With a little help from my friends - Luis Preto: an interview

After the reviews section that was introduced in my previous post, today I am proud to present one more new feature of the Göteborg Dynamo blog, namely that of interviews. The title I gave to this series of interviews is 'With a little help from my friends', for a very simple reason: since the training methodology we use at the Dynamo Club is, more or less, an 'open source' system, that has incorporated elements from the work of various instructors I have had the privilege to meet and train with through the years, I thought I might try and pay back all these generous friends for their help, by presenting them in the Dynamo blog and promoting their work.

The first friend I chose to interview is Luis Preto, instructor of Jogo do Pau (the Portuguese staff fencing art), a sports science geek, and writer of a series of most insightful books on training for technical and tactical martial arts skills. I have had the opportunity to personally meet and partner-train with Luis about eight months ago, during a training seminar in Norway and I was impressed by the depth of his knowledge on biomechanics and also his politeness and humbleness. Later, I got to read his book 'Fencing Martial Arts: How to Sequence the Teaching of Technique and Tactics' and his approach to designing an effective training curriculum influenced quite a lot the way we organized the contents of the section of teaching throws and takedowns at the Dynamo.
Here's how our online conversation turned out:

Luis, could you please introduce yourself to the readers of this blog and could you provide some information about your background?
Hello fellow martial artists! My name is Luis Preto, I’m 33, I was born in the UK and later raised in Portugal. I started practicing martial arts at the age of 9, with karate. Fifteen years ago I opted to dedicate myself to the exclusive practice and study of Jogo do Pau, the Portuguese fencing combat system.

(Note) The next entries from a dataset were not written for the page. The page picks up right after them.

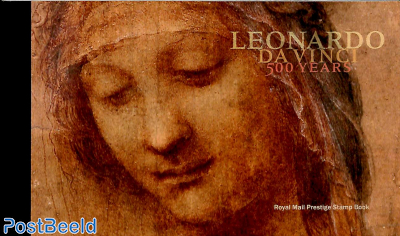 Leonardo da Vinci, prestige booklet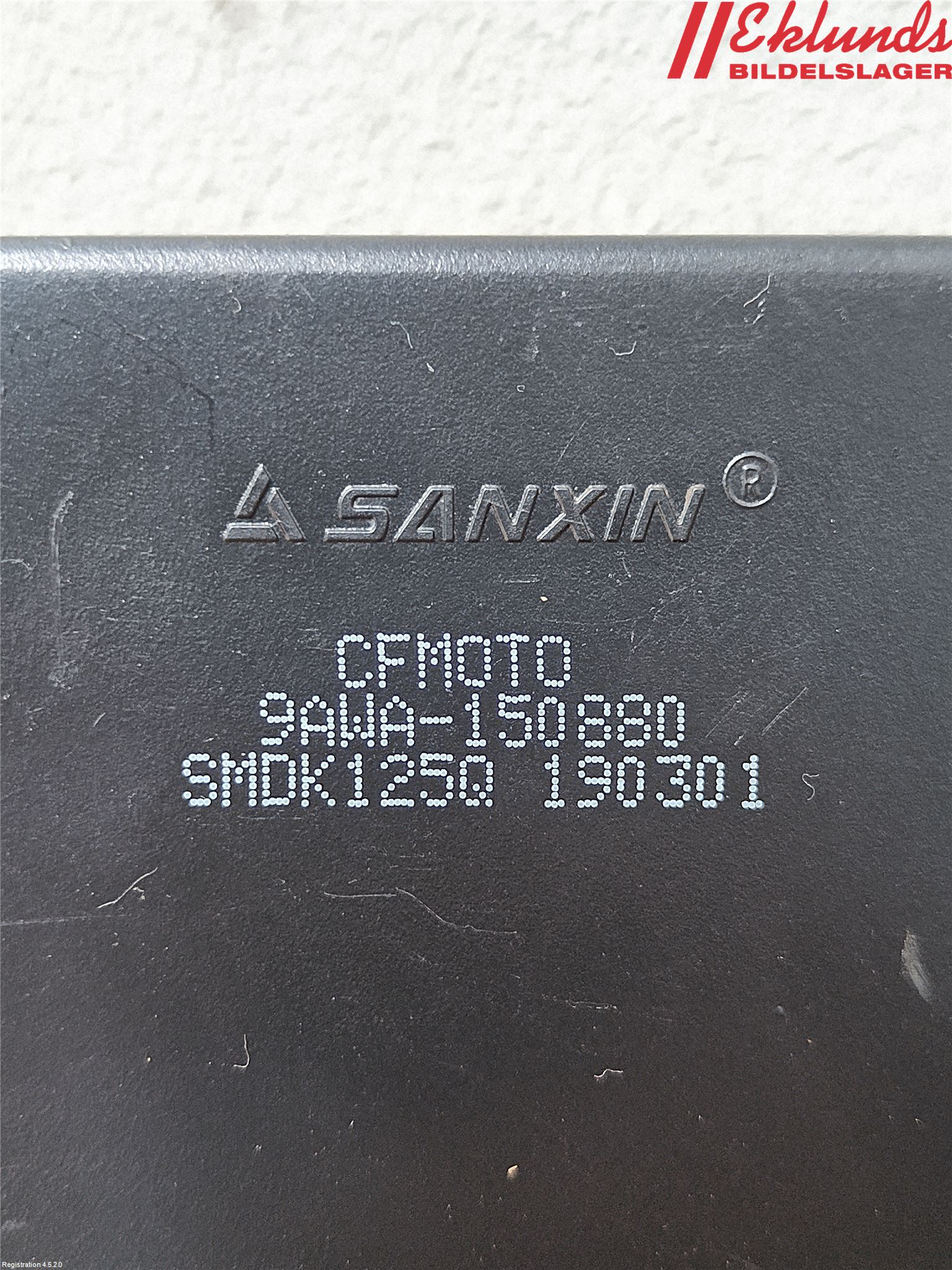 MC och moped ATV CF MOTO Styrenhet Övrigt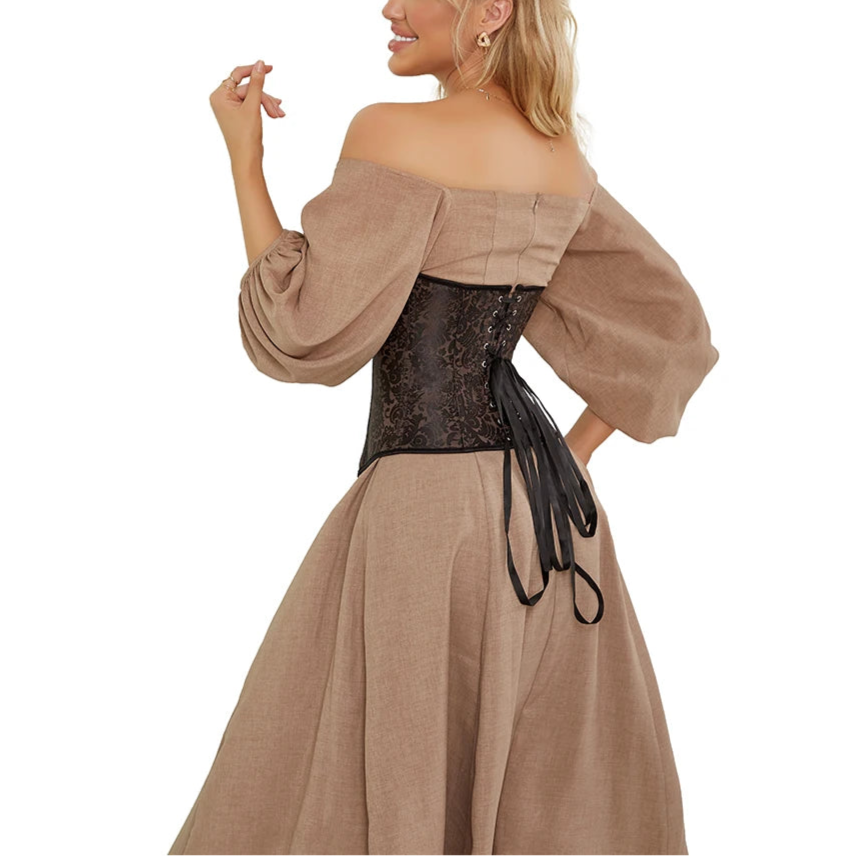 ShapeFlex Victorian Lace Cincher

I have always been at the opposite end of the so called ‘naturally gifted performers’, so I always felt the need to analyze my shortcomings and come up with specific drills to correct them. However, I came to understand later that my shortcomings were pretty common for a lot of practitioners, which in turn led me to conclude that the most commonly used training methods needed improvement. Initially this turned into an obsession but, as I underwent an undergraduate and master’s degree in Sport Sciences, it transformed into a passion.

Although as an active teacher I’ve researched basically every single training factor there is, I would have to say that my main field has been skill development, namely the application of the ecological perspective of human movement to martial arts so that students learn techniques by understanding the natural contextual logic of affordances and constraints that gave birth to the techniques in the first place.   

How about Jogo do Pau? Could you briefly share a few historical details about this art and your personal course in it?
Jogo do Pau is commonly known as the Portuguese staff fencing art. However, according to the information that I’ve had access to that is not entirely the case. First of all, it is actually a European rather than Portuguese fencing art, since the same art has also been practiced and used by the French. The thing is, it became extinct everywhere else except in Portugal. Secondly, it is an art which focused on techniques that can be applied both to staffs and bladed weapons, such as long double hand and short single hand swords.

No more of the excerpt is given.